------ Given data

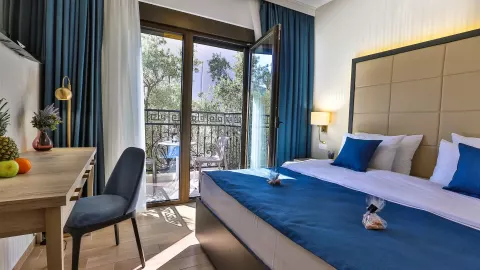 Viešbutis „HARMONY BY AYCON“ (Petrovacas, Tivatas, Juodkalnija)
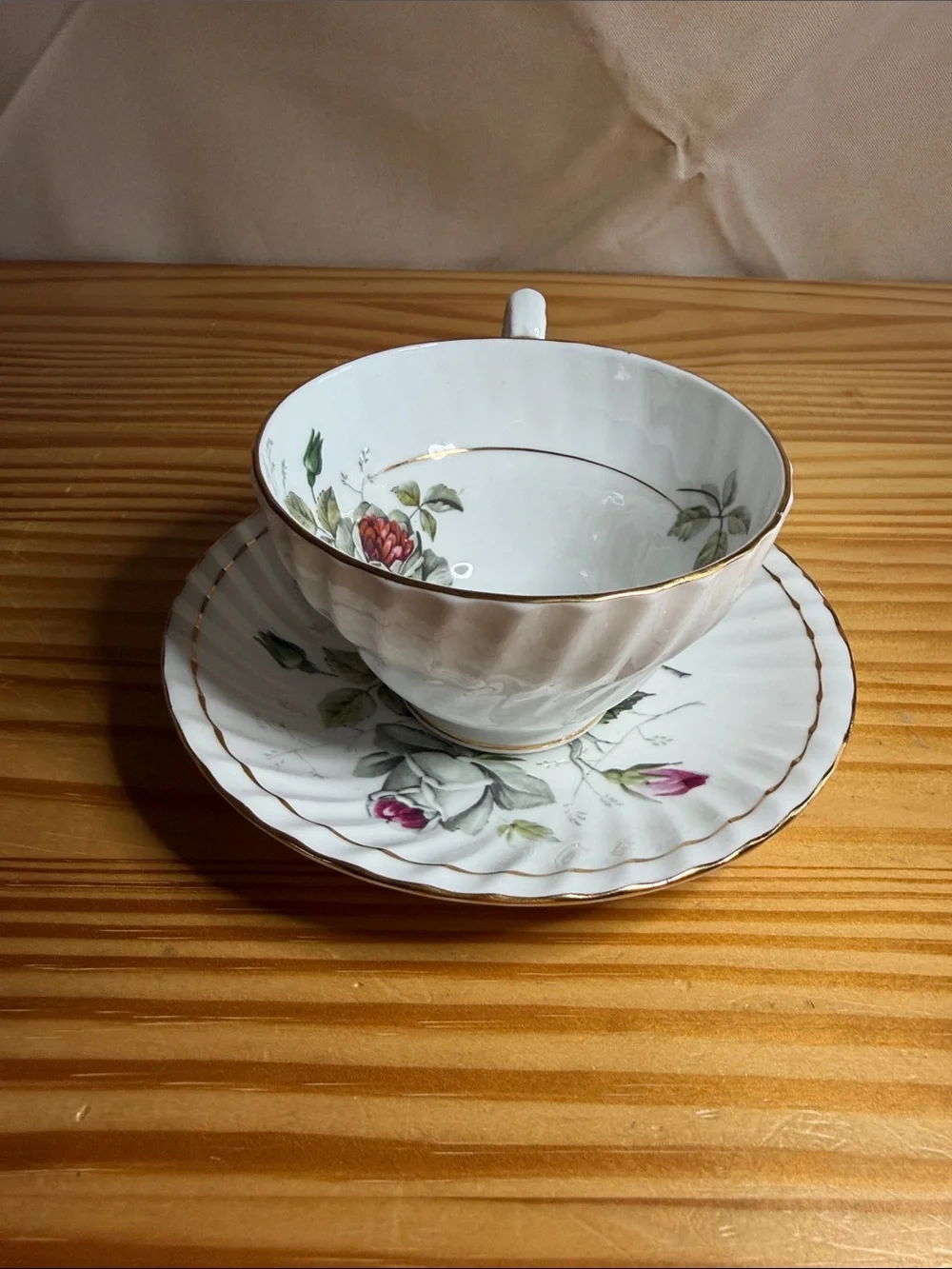 Vintage Stanley Fine Bone China Teacup and Saucer Set - Pink & White Rose 1950s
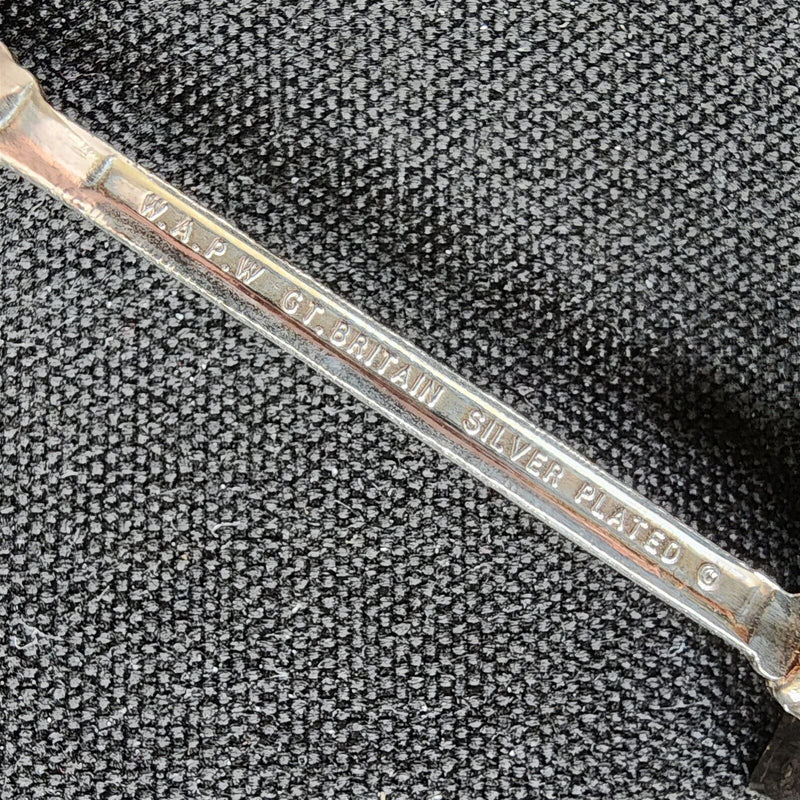 Load image into Gallery viewer, Chicago Illinois Hancock Building Collectible Souvenir Spoon 4.5" (11cm)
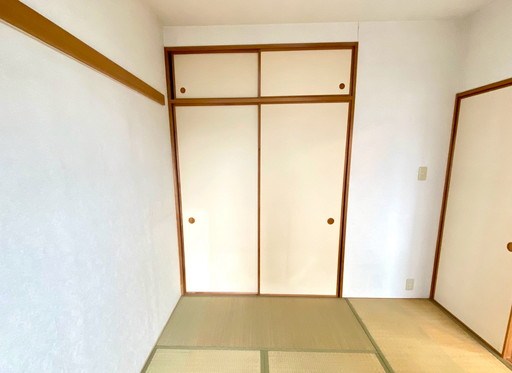 クリオ南浦和参番館 来客用お布団を収納できる、大容量収納スペースの押入。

------------

**What you need to do**:
Copy the listing word for word, excluding its pictures.

**Answer for the task**:
 Viešbutis „HARMONY BY AYCON“ (Petrovacas, Tivatas, Juodkalnija)
 Vintage Stanley Fine Bone China Teacup and Saucer Set - Pink & White Rose 1950s
 Load image into Gallery viewer, Chicago Illinois Hancock Building Collectible Souvenir Spoon 4.5" (11cm)
 クリオ南浦和参番館 来客用お布団を収納できる、大容量収納スペースの押入。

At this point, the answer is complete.